◆ **SUPPLIED MATERIAL**
---

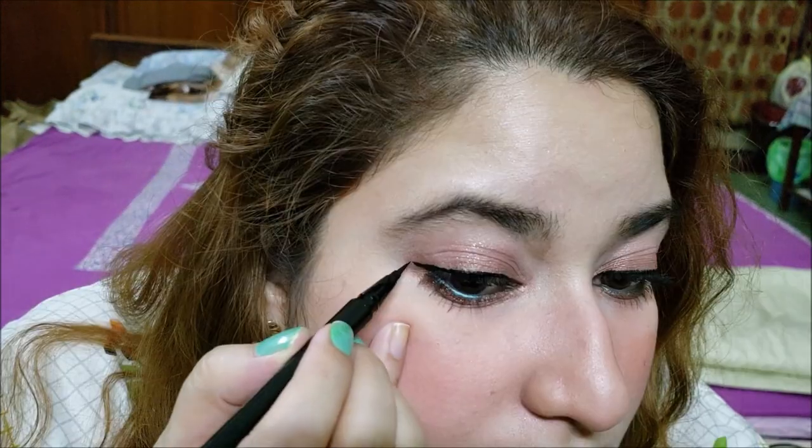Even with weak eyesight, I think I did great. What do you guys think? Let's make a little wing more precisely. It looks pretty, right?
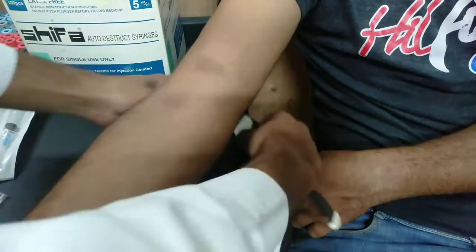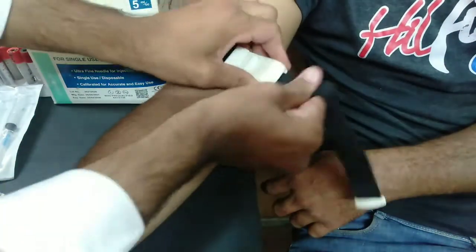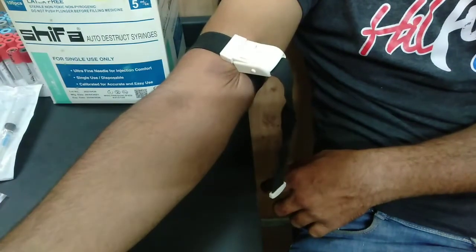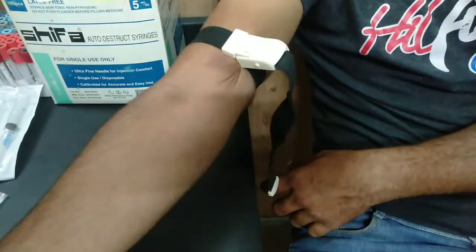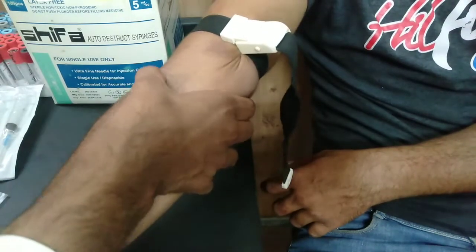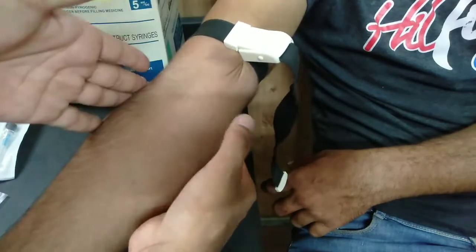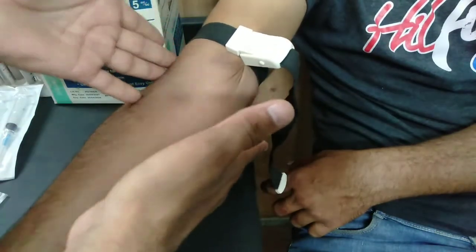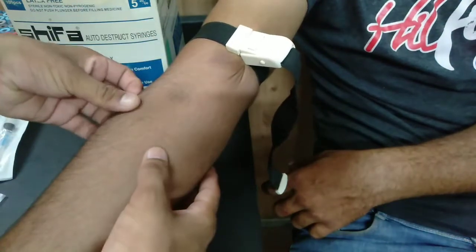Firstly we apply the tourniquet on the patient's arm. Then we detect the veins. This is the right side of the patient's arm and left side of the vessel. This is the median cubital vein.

---

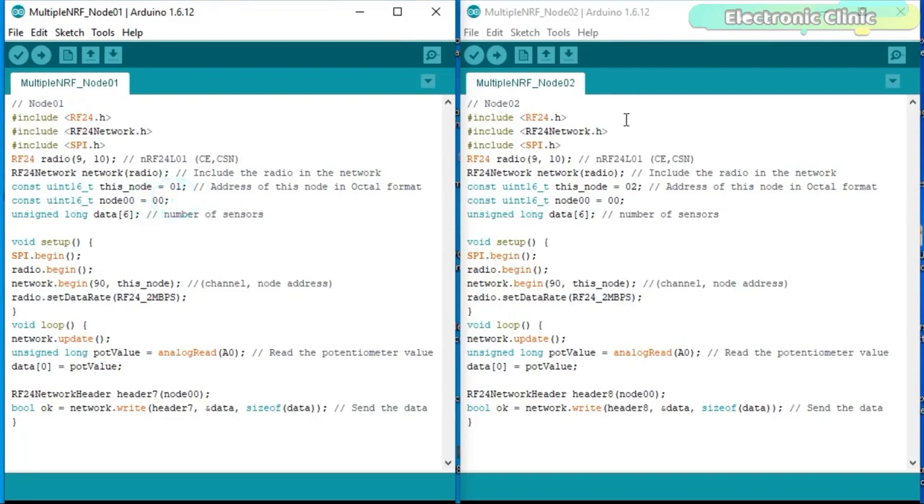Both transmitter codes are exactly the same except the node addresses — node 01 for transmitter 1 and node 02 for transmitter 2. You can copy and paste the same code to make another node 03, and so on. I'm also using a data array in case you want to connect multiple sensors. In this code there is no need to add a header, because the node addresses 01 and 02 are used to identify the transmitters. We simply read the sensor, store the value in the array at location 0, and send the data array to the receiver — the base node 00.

---

◆ **TASK TO CARRY OUT**
Look above for the line with "Even with weak" and the line with "Firstly we apply". Give again exactly those two lines and all lines between them, pictures excluded.

◆ **REPLY TO THE TASK**
Even with weak eyesight, I think I did great. What do you guys think? Let's make a little wing more precisely. It looks pretty, right?
Firstly we apply the tourniquet on the patient's arm. Then we detect the veins. This is the right side of the patient's arm and left side of the vessel. This is the median cubital vein.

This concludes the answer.